There are 11 of what American politicos call "battleground" states to watch Tuesday night. These are states where both sides, and observers think either side might win. They are where the election will be decided.
As of this morning, Barack Obama and Mitt Romney are just about tied in the Electoral College in terms of surely or almost surely winning certain states, with a slight edge – maybe 10 to 15 Electoral College votes – for Mr. Obama.
Of the 11 "battleground" states, Mr. Romney leads in two – Florida and North Carolina. Two are tossups – Colorado and Virginia – where polls show the candidates are even. Mr. Obama leads in seven states – New Hampshire, Nevada, Iowa, Wisconsin, Michigan, Pennsylvania and, critically, in Ohio.
The leads both ways in these states are small, often nothing more than one to three points. Outcomes will be decided by which side can better turn out its legions of supporters.
Very few undecided voters are left, again according to ubiquitous polling. Who knows how many of these undecided voters will even bother to vote, since the more partisan a voter is, the more likely that he or she will vote.
"Ground game" (U.S. politics is replete with sports metaphors) is where the election will be decided. Mr. Obama's campaign, it has been reported, has many more local offices in the key states than Mr. Romney. But Mr. Romney leads the President by 20 points among white males, and is way ahead among older Americans. Older Americans tend to vote in higher numbers than younger ones.
No one knows what the voter turnout will be among Hispanics who hugely favour Mr. Obama but might not vote in anything remotely like the percentages among non-Hispanic whites. Hispanics (who come from many countries and cannot be considered a single block) are critical constituencies in Nevada, Colorado and Florida. Blacks, of course, are massively for Mr. Obama, but a drop of four or five percentage points in their turnout compared to four years ago might prove costly to the President in battleground southern states.
Similarly, as happened last time and will happen again: The vast evangelical movement will be in high gear, fired up even unto the last weekend by sermons and out-of-church exhortations to vote Republican. No one should underestimate this constituency's voting power in rural and suburban areas in key states such as North Carolina, Virginia, Florida, Iowa and, yes, even in Ohio where, in the southern and central parts of the state, Republican strength is found.
Was it a wisp of desperation at the campaign's end that Mr. Romney ran completely false advertisements in Ohio and South Florida: the first about Jeep planning to ship jobs to China (assertions publicly denounced by auto company executives), the second about Venezuelan President Hugo Chavez and Cuba's Fidel Castro supporting Mr. Obama? In a campaign featuring so many misleading charges, it's doubtful one last blast of gibberish will make much difference.
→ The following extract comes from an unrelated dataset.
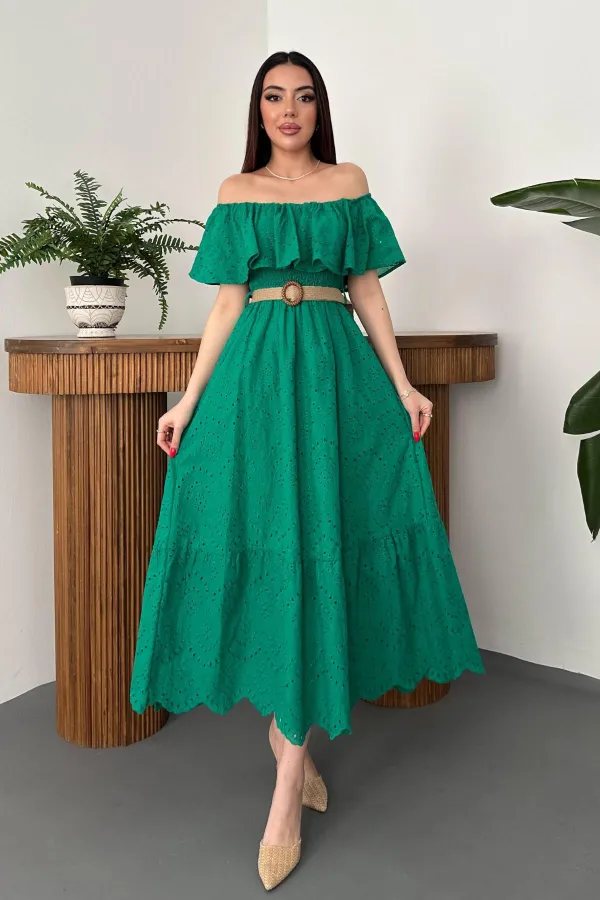Robe brodée verte à épaules élastiques en gros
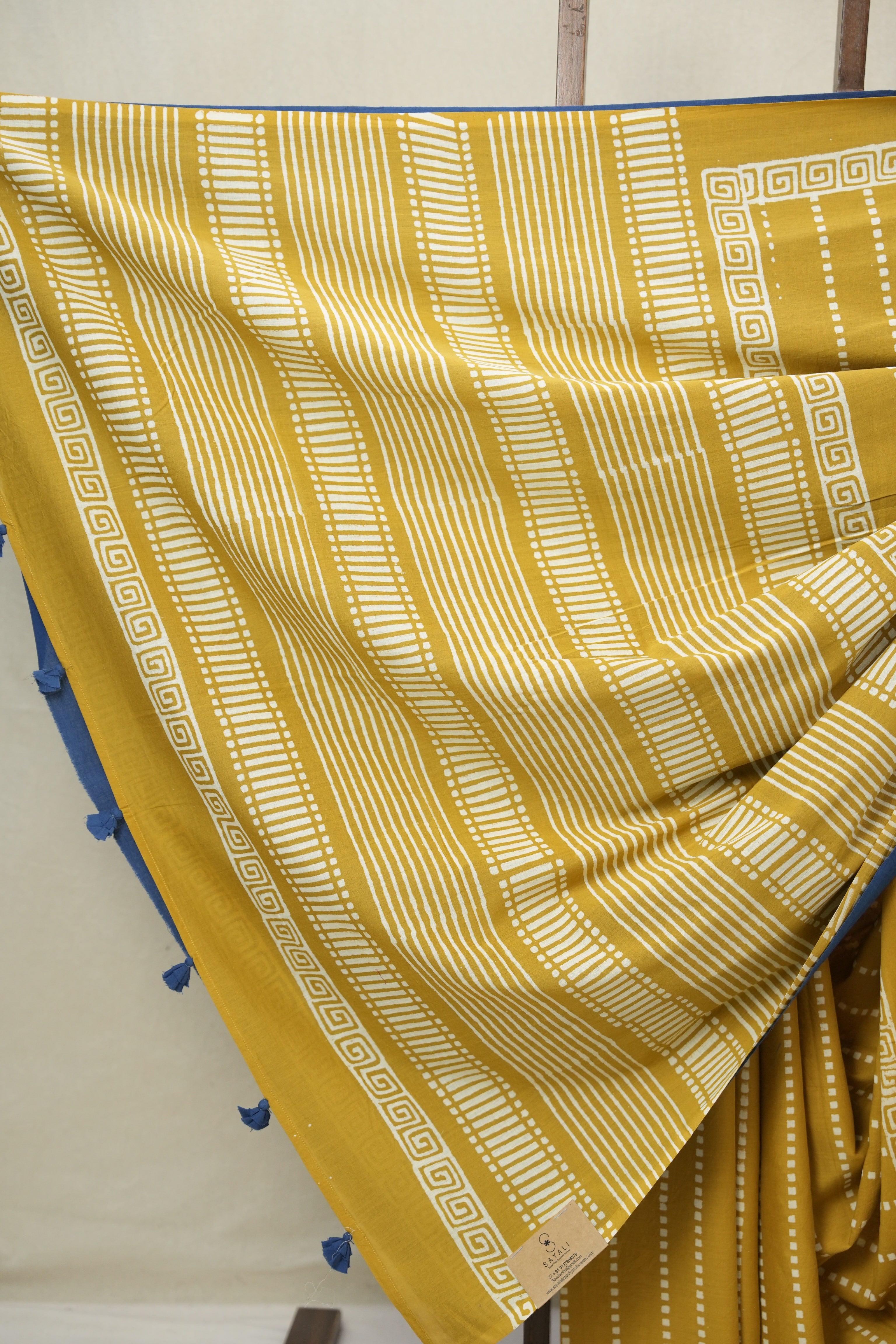 Mustard HBP Cotton Saree - SRMCS3320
Perhaps, however, the late-campaign endorsements of Mr. Obama by former Republican secretary of state Colin Powell and Republican-Independent New York Mayor Michael Bloomberg will suggest to centrist voters that the President is, warts and all, the better man for the nation's top job.
Then again, there are few undecided voters left, and New York City is a Democratic Party stronghold anyway. And moderate Republicans like these men are increasingly rare in their party.
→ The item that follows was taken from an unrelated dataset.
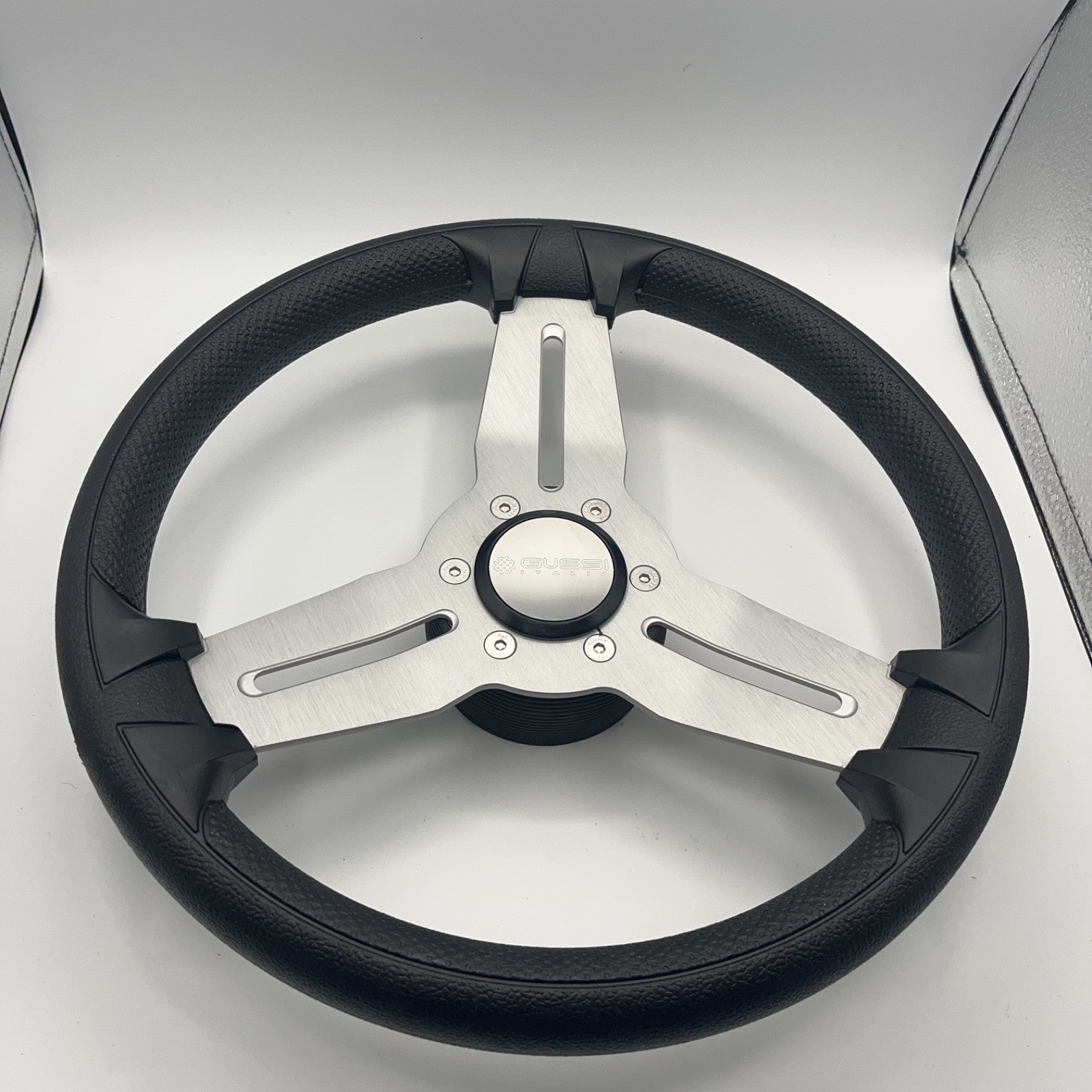 Model 15A Marine Steering Wheel Brushed Alum Spokes | Gussi Italia Cap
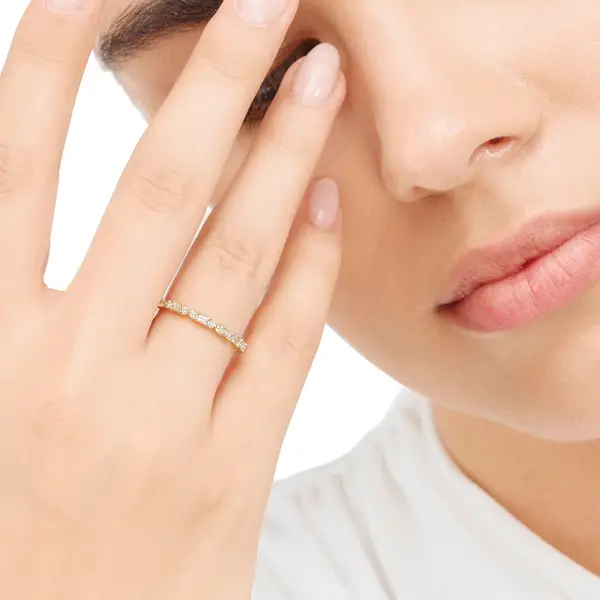 Leaf Jewelry Ring mit Baguette Diamanten, 14K Gelbgold Flash Sale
Even if Mr. Obama wins, his margin will certainly be smaller than the one four years ago, a testament to disappointment in certain quarters. He is a long way from the "Yes We Can" campaign that propelled him to the White House. If he wins, as seems likely, he will have hung on rather desperately.
If Mitt Romney wins, the postelection narrative will have to give him credit for persistence, overcoming stumbles and the mocking from all the doubters, including many in his own party, that he has the right stuff.
If Mr. Romney loses, watch for the conservative elements in the party and the media, now in the ascendancy, to claim, implausibly but defiantly, that defeat flowed from not having been radical enough.